SOURCE DATA:
******************************
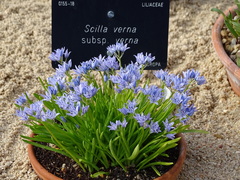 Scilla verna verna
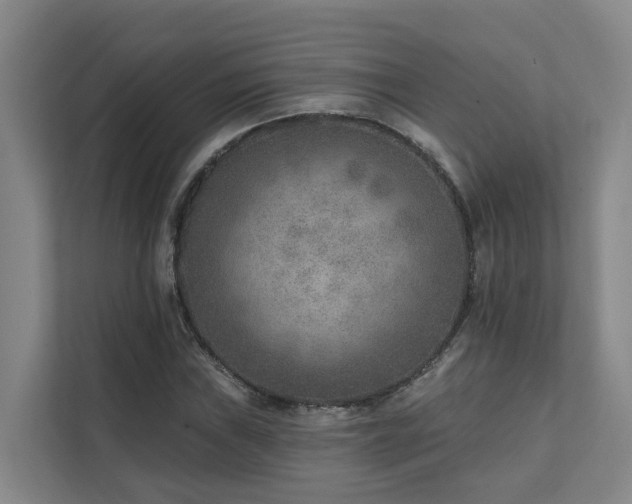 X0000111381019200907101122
******************************
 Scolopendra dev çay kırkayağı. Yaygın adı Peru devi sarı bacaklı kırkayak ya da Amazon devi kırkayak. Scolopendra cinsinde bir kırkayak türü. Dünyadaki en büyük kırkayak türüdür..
******************************
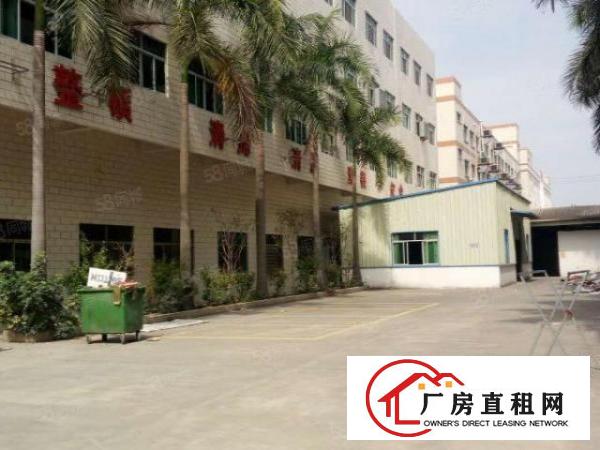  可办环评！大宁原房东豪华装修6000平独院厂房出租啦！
******************************
Look through the material above. Transcribe exactly the lines between the ones with "Scilla verna verna" and "X0000111381019200907101122", inclusive, and keep pictures out.

OUTPUT FOR THIS EXERCISE:
 Scilla verna verna
 X0000111381019200907101122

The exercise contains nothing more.